All of lore.kernel.org
 help / color / mirror / Atom feed
From: Vincent Guittot <vincent.guittot@linaro.org>
To: Dietmar Eggemann <dietmar.eggemann@arm.com>
Cc: mingo@redhat.com, peterz@infradead.org, juri.lelli@redhat.com,
	rostedt@goodmis.org, bsegall@google.com, mgorman@suse.de,
	bristot@redhat.com, linux-kernel@vger.kernel.org,
	rickyiu@google.com, odin@uged.al, sachinp@linux.vnet.ibm.com,
	naresh.kamboju@linaro.org
Subject: Re: [PATCH v2 1/3] sched/pelt: Don't sync hardly util_sum with uti_avg
Date: Fri, 7 Jan 2022 16:21:31 +0100	[thread overview]
Message-ID: <CAKfTPtAREuJtj8AuZPwfe_=W7v8J-UOXDWeyBL0-VcKGaTSr5Q@mail.gmail.com> (raw)

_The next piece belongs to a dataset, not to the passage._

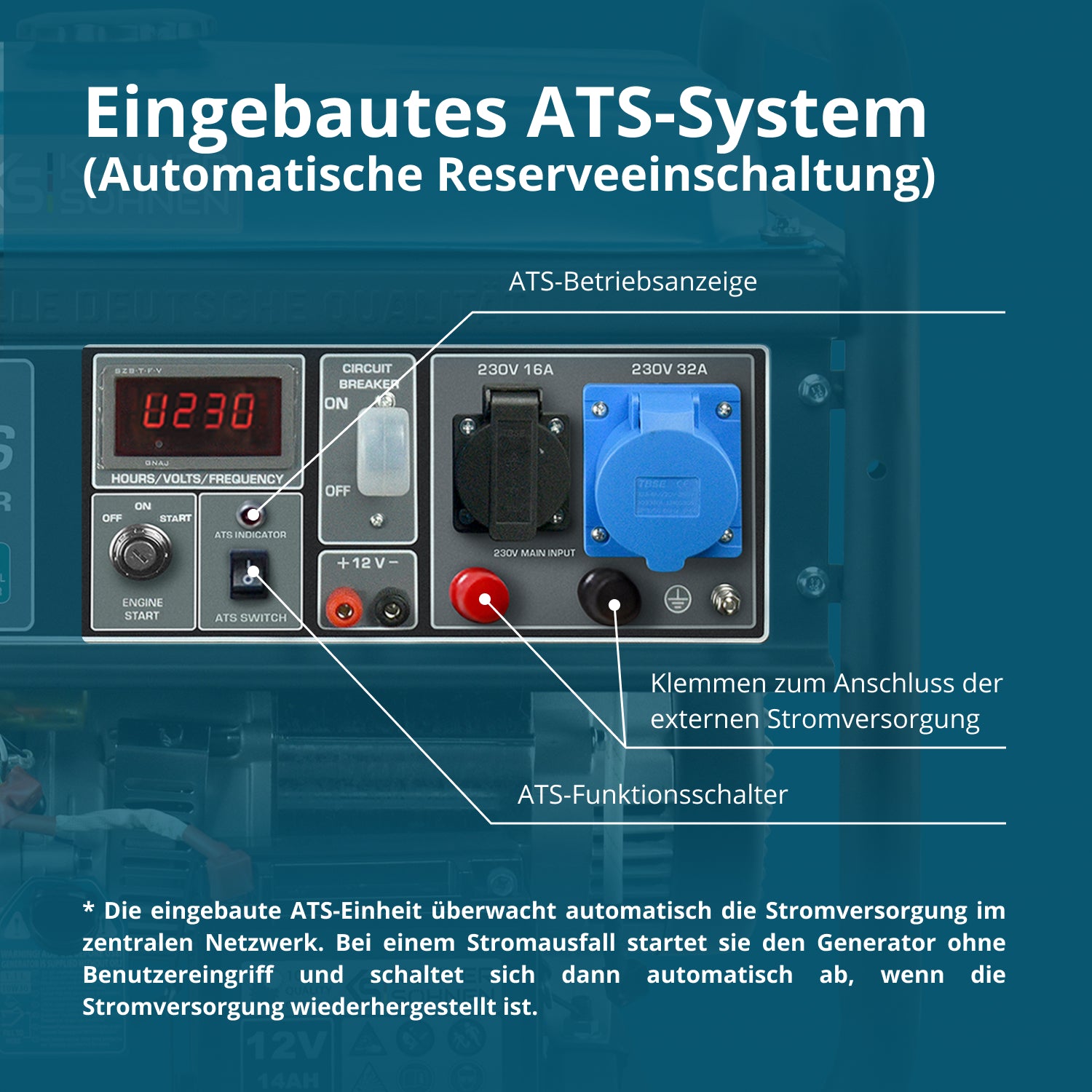 Benzin-Generator "Könner & Söhnen" KS 10000E ATS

In-Reply-To: <f1549032-50f6-e9fc-a7ae-24373352576b@arm.com>

On Fri, 7 Jan 2022 at 12:43, Dietmar Eggemann <dietmar.eggemann@arm.com> wrote:
>
> On 05/01/2022 14:57, Vincent Guittot wrote:
> > On Wed, 5 Jan 2022 at 14:15, Dietmar Eggemann <dietmar.eggemann@arm.com> wrote:
> >>
> >> On 04/01/2022 14:42, Vincent Guittot wrote:
> >>> On Tue, 4 Jan 2022 at 12:47, Dietmar Eggemann <dietmar.eggemann@arm.com> wrote:
> >>>>
> >>>> On 22/12/2021 10:38, Vincent Guittot wrote:
> >>
> >> [...]
> >>
> >>>> I still wonder whether the regression only comes from the changes in
> >>>> update_cfs_rq_load_avg(), introduced by 1c35b07e6d39.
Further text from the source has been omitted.